Check out the companies making headlines in premarket trading.

FedEx — Shares were up 11.6% after the company’s fiscal third-quarter earnings topped analysts expectations. FedEx reported adjusted earnings of $3.41 per share, topping a Refinitiv consensus forecast of $2.73 per share. The company also raised its earnings forecast for the full year.

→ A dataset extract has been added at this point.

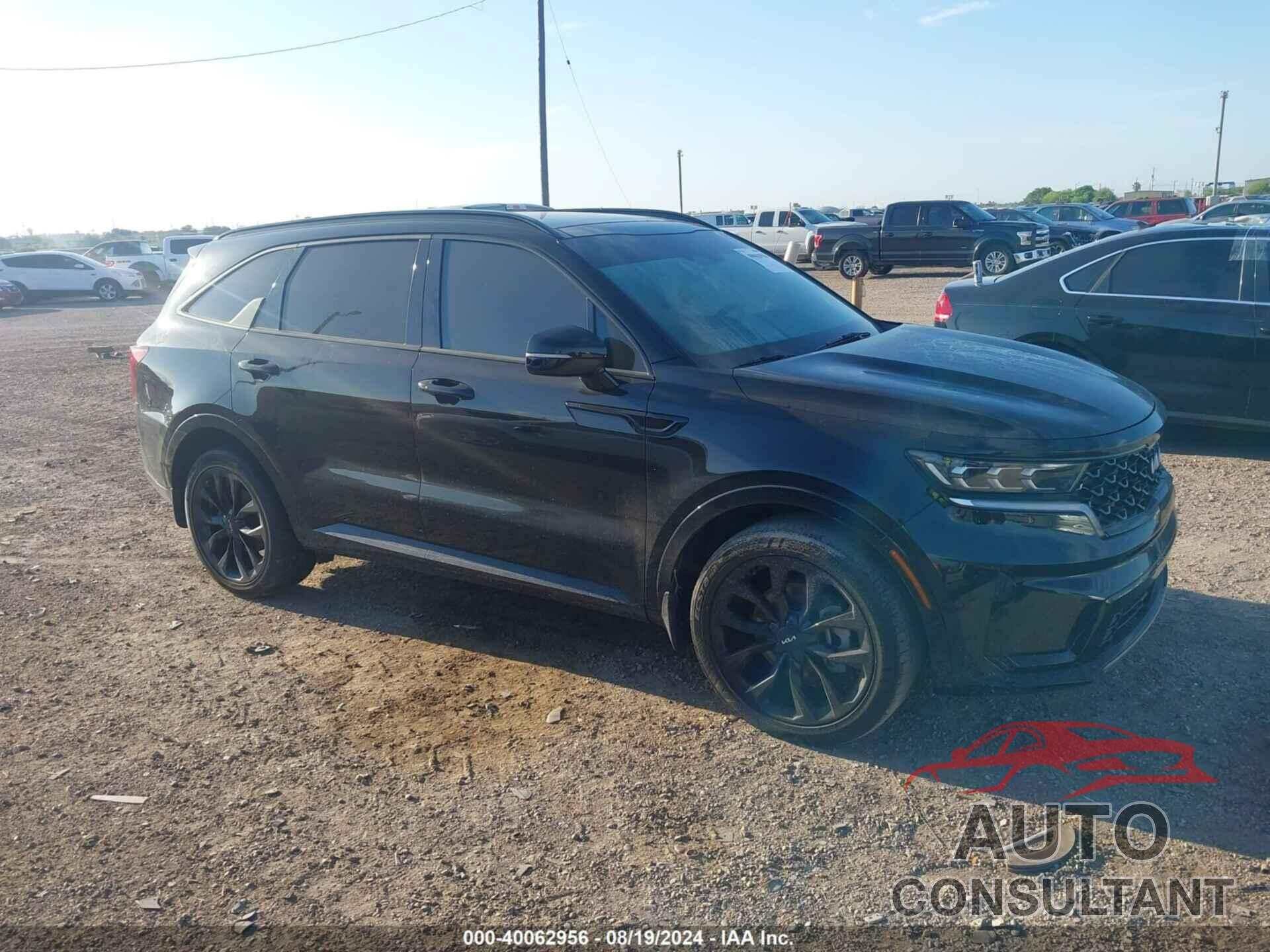 KIA SORENTO 2022 - 5XYRK4LF7NG123434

Credit Suisse — The Swiss bank’s U.S.-traded shares were down 4.1% during premarket trading. Credit Suisse shares have had a volatile week after its largest investor announced it would not provide additional funding to the bank. The stock briefly rallied on Thursday after Credit Suisse announced it would borrow up to $50 billion francs ($54 billion) from the Swiss National Bank. Shares are down almost 29% year to date.

Nvidia – The chip stock gained more than 2% before the bell following an upgrade to overweight by Morgan Stanley. The Wall Street firm cited continued tailwinds from the growing push toward artificial intelligence.

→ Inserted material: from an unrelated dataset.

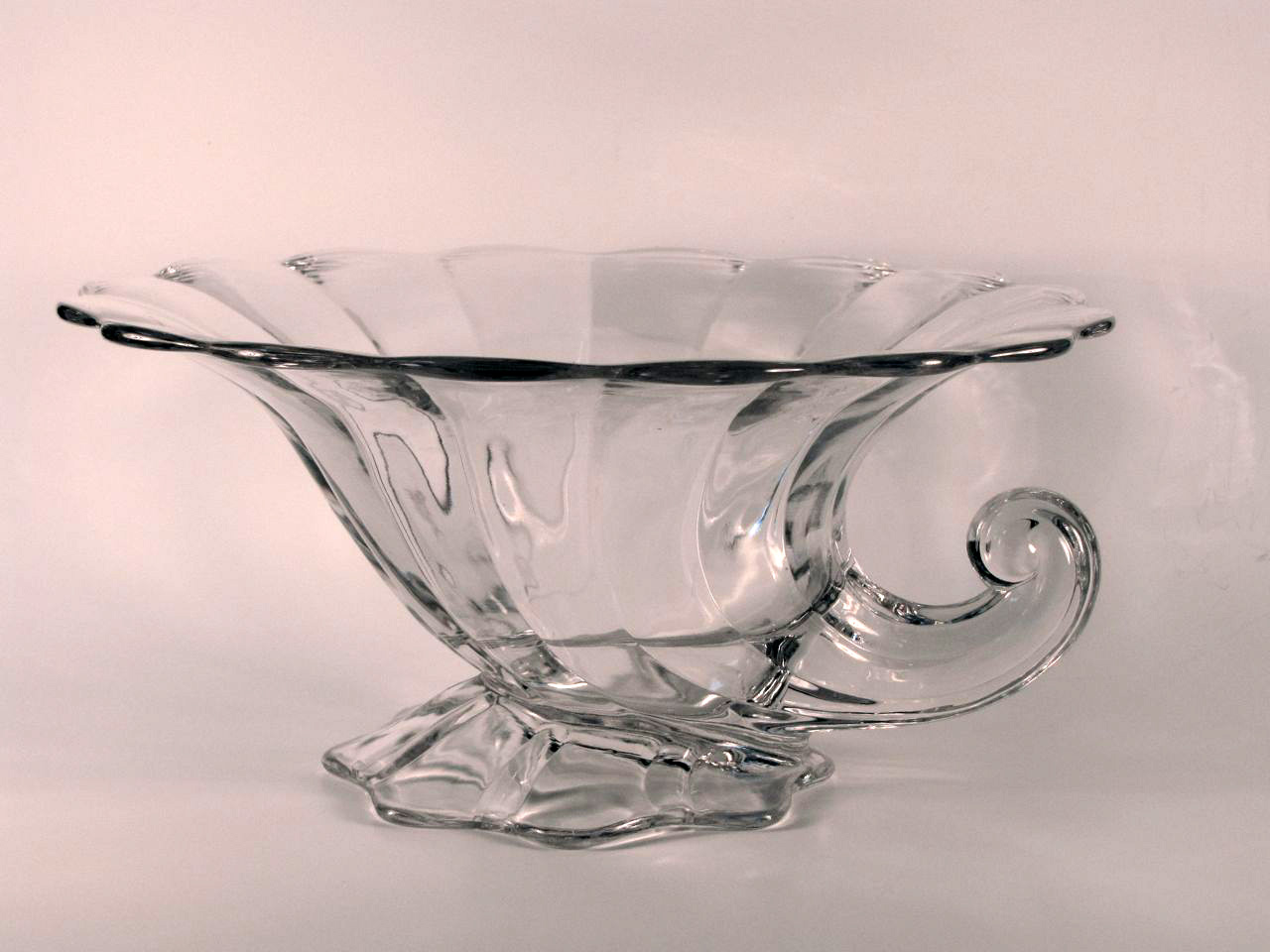 Heisey #1428 Warwick 11 inch bowl horn of plenty 1933-1957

First Republic Bank — Shares of the bank declined 13.3% during premarket trading. On Thursday, the stock rallied nearly 10% as a group of 11 banks, including Bank of America and Goldman Sachs, agreed to deposit $30 billion in First Republic. Shares of Zions Bancorp, Comerica and KeyCorp, which are among the regional banks seeing a hit to their stocks this week, also saw shares fall 2.7%, 1.3% and 1.6%, respectively.

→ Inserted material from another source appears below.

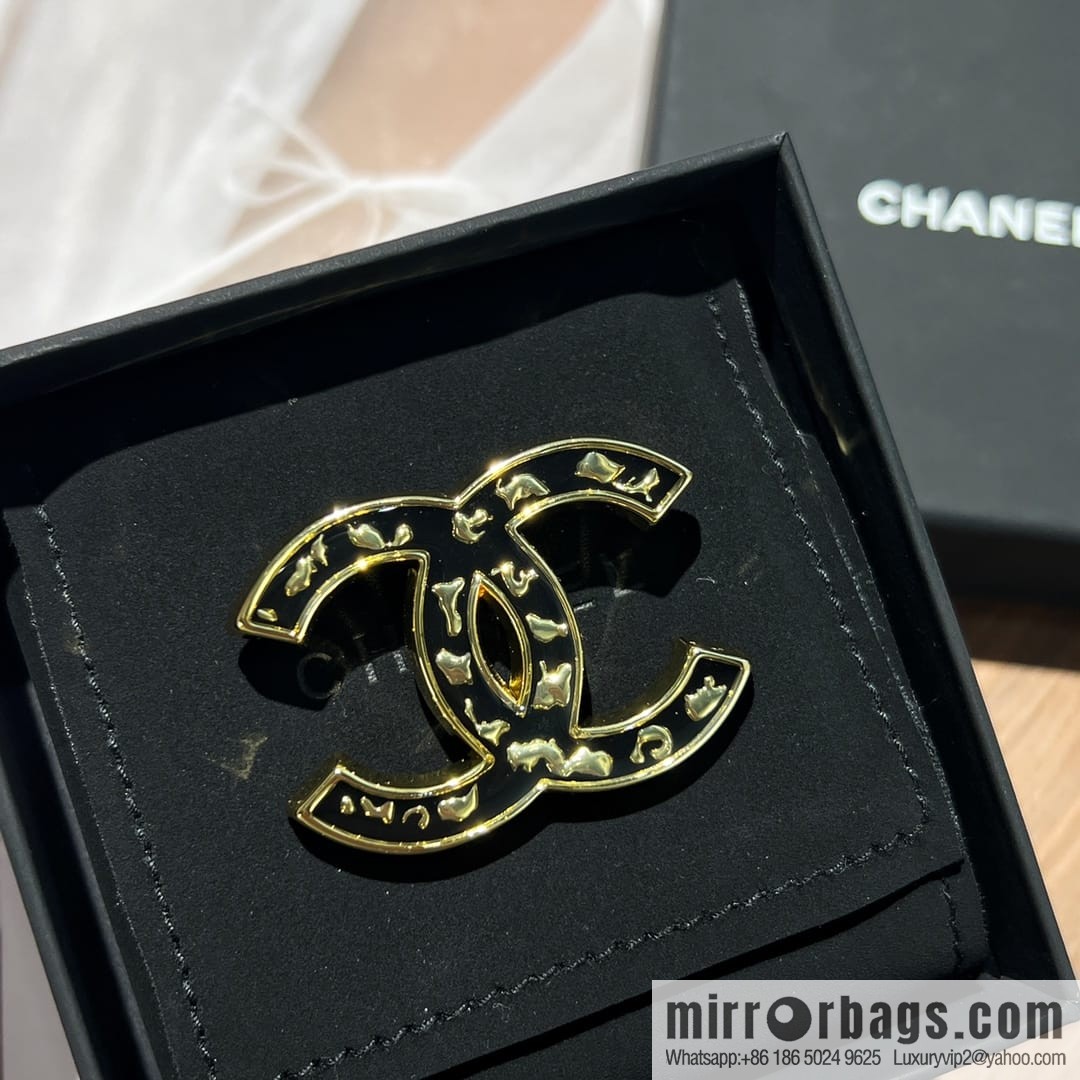 New ☑️ Chanel double c glazed enamel black brooch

Bumble – Bumble shares rose 1% before the bell after Citi initiated coverage of the dating app maker with a buy rating, and said the stock could rally more than 20% as it captures market share.

Warner Bros Discovery — The media company’s shares rose 4.2% after Wolfe Research upgraded it to outperform. The firm anticipates Warner Bros Discovery shares rallying more than 40% in coming months. Wells Fargo also upgraded the stock to overweight from equal weight, noting that, “While recent macro events might make levered equities seem worse, we’ve been trending more positive on WBD due to synergies + execution.”